The Austin Empire

Moses Austin

A Connecticut Yankee was Moses Austin, an intrepid entrepreneur who had been an importer in Philadelphia and a lead miner at Richmond. In 1797, learning of the rich lead deposits in Missouri discovered by the French, he visited Missouri and obtained a grant from the Spanish officials covering a large part of Azor’s mines at Mine Au Breton. He brought his family, and 30 others here in 1798 and settled in his magnificent home, Durham Hall.

Portrait of Moses Austin

Here Austin transformed the primitive mining methods of the French into Missouri’s first major industry, turning out the first lead sheet cannonballs made in Missouri. By 1802, he was smelting all the lead for the district, and in 1809 he established Herculaneum, north on the Mississippi, for shot production and a shipping point for lead. But he overreached, took his fortune from the mines and invested it into a banking venture in St. Louis, which failed and left him financially ruined by 1819.

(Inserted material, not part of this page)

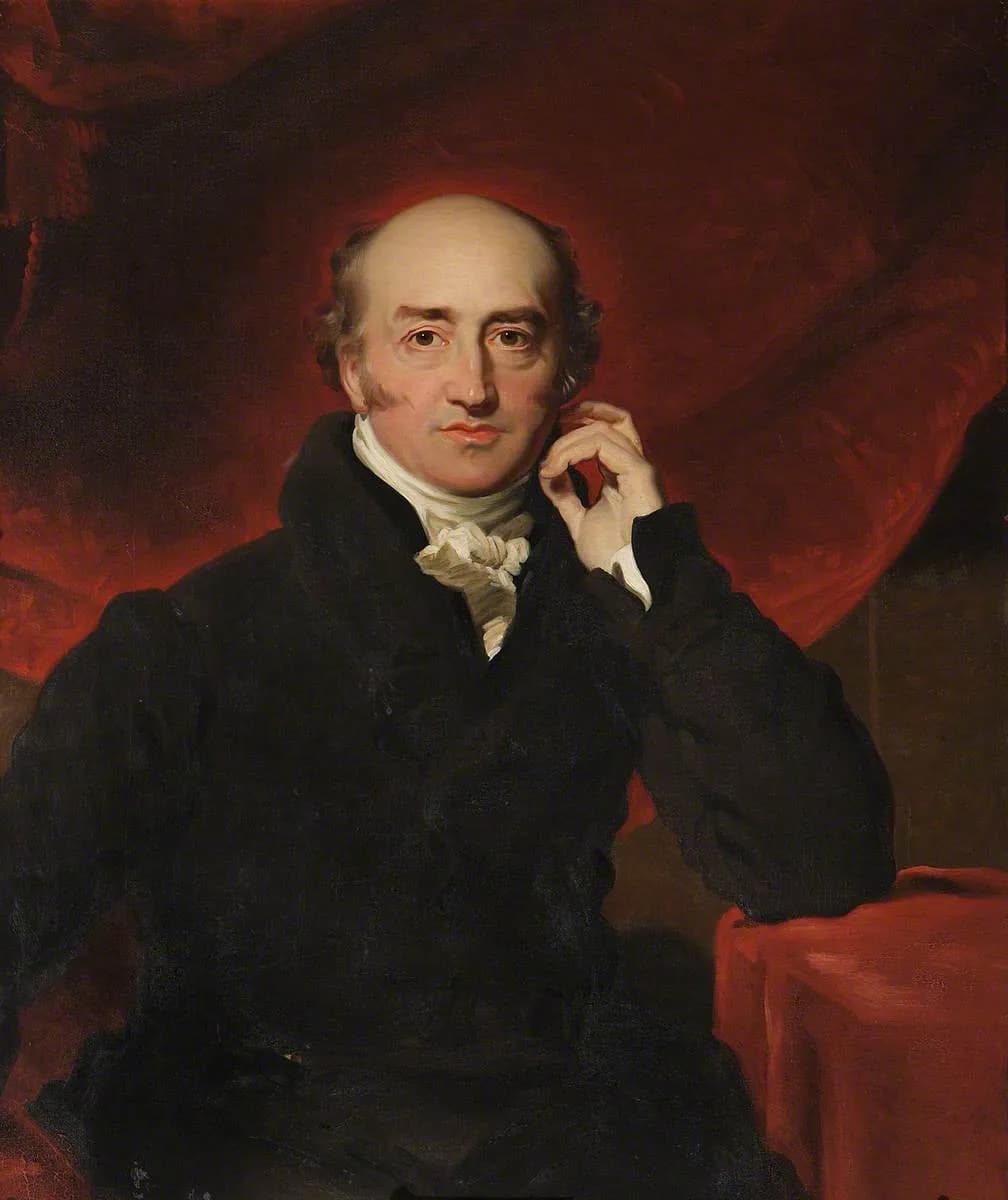 A painting of a balding man in a black coat and white cravat, with a red background, resting his right hand near his chin.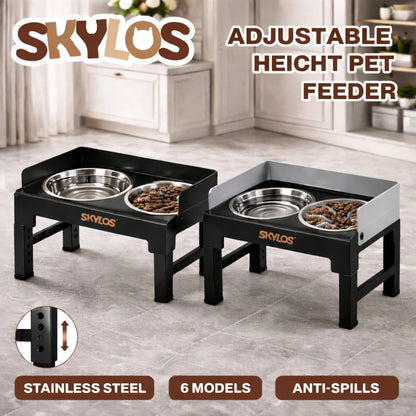 Skylos Dog Bowls Elevated with Stand Stainless Steel Bowl 6 Height Adjustable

Seeking to retrieve his fortune, he set out for Texas in November, 1820. There was a chance meeting with a Spanish official he had known in Missouri and got him an audience, and permission from the Spanish to settle the first 300 American families in Texas.
The hardships of the return journey were too rigorous for him, and he died in June 1821, three weeks after his arrival back home in Missouri. He and his wife, Maria, are buried in the Old Cemetery in Potosi.

STEPHEN F. AUSTIN

Carrying out Austin’s plan and becoming the “Father of Texas” was his son, Stephen F. Austin, who respected his father’s deathbed wish and took the colony on into Texas. Stephen has spent his boyhood at Potosi and represented Washington County in the territorial legislature for six years. Stephen carried on delicate negotiations with the Spanish as his Austin colony grew, and when friction flamed between the Spanish and Mexicans and the growing American colonies, served as commander-in-chief of the Army of Texas in the struggle for Texas independence.

With the formation of the Republic of Texas, Austin was named the first secretary of State. He died soon after on December 27, 1836, but not before placing his stamp on the Southwest and his name on the new state’s capitol, Austin.